ABD’nin Irak’tan çekilme kararı, şu sırayla ülkeleri etkileyecek. İran, Türkiye, İsrail, Suriye, Suudi Arabistan, Afganistan, Pakistan, Ürdün ve geri kalan arap dünyası.
Bu sıralama zaman sıralaması değil önem sıralaması. Bu sıralama aynı zamanda ABD’nin bölgeden çekilmeden önce yapacağı olası-ama şu sıralar konuşulunlara göre gittikçe yüksek ihtimal haline gelen-yeni savaşlar ile ilgili.
ABD, içinde bulunduğumuz 2007 yılı içinde sembolik birlikleri ülkeden çekecek. Muhtemelen 2008 yazından itibaren de hallice birliği eve gönderecek. Son tortular ise 2010 yılına kadar bölgeden tamamen alınmış olacak.
Geriye ise yine muhtemelen iç savaş adayı, iktidar savaşları, mezhep ve etnik çekişmelerle tedhiş eylemlerinin boy gösterdiği bir coğrafya kalacak. ABD ayrılmadan önce bu riskleri sıfırlamak istiyor ama herkes biliyor ki bu artık çok mümkün değil.
Mesele bununla da sınırlı değil. İran ülkede ciddi güç sahibi olduğu gibi, Şii’ler üzerindeki hakimiyeti bir yana, Irak içinde “huzur bölgesi”(!) olarak anılan Kuzey Irak’la da ilgili!
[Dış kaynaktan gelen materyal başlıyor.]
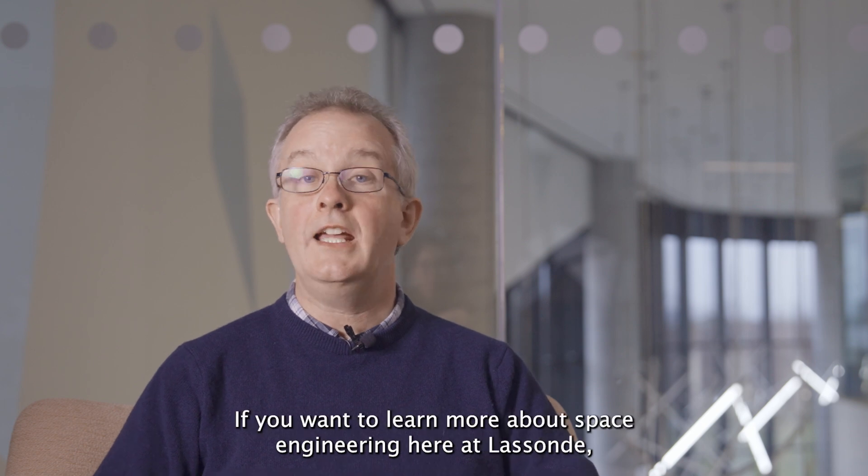Thanks for watching. If you want to learn more about space engineering here at Lassonde, please follow the links below.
Terörist PKK’nin kolu olan PJAK’a karşı kimsenin sözünü de fazla dinlemeden operasyonlar yapıyor. Belki konu hakkında Türkiye’nin tecrübesine sahip olmadığından fazla zaiyat veriyor ama duruşu tam olarak bu.
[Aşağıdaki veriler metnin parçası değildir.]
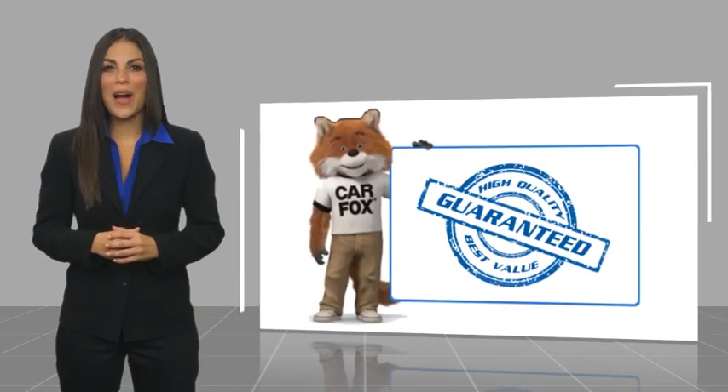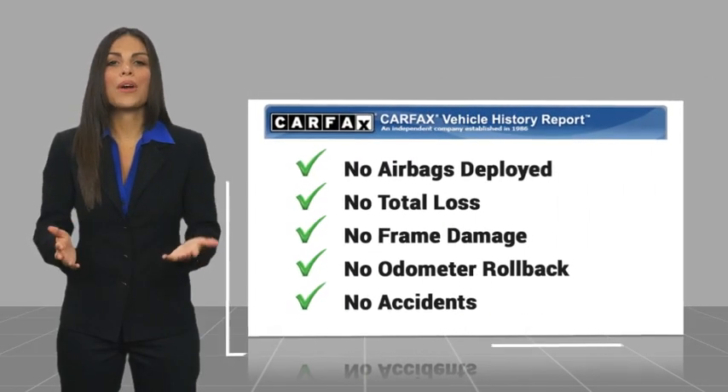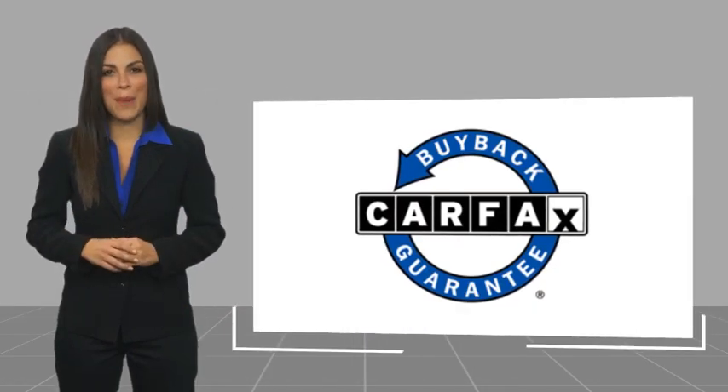Here's another high-quality vehicle with a Carfax Vehicle History Report. Be sure to find a complimentary copy of this report online or contact the dealership. This vehicle qualifies for the Carfax Buy Back Guarantee.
Yani İran, ABD’nin çekilmesinden sonra bölge üzerinde sözü dinlenme olasılığı olan en güçlü ülke. Bu tabloya nükleer çalışmaları da eklemlendiğinde işin rengi hayli değişiceği anlaşılıyor.
İsrail’in ısınma turları…
Yeryüzünde birbirinden en çok nefret eden ülkeler sıralaması yapılsa birinciliği kuşkusuz İran ve İsrail alır. Bu nefretin din ayrılığından gelen sebepleri olduğu muhakkak ama bunun ötesinde şöyle bir gerçek daha var…
Tel Aviv de Tahran da birbirini “ulusal güvenliğin” tehtidi olarak algılıyor. Bu “düşman” olarak da tarif edilebilir. Bu halde rahatlıkla söylenebilir ki, bu haliyle Irak’tan ABD’nin hiçbir şey yapmadan çekilmesi halinde İsrail’in yapacağı anlamına geliyor.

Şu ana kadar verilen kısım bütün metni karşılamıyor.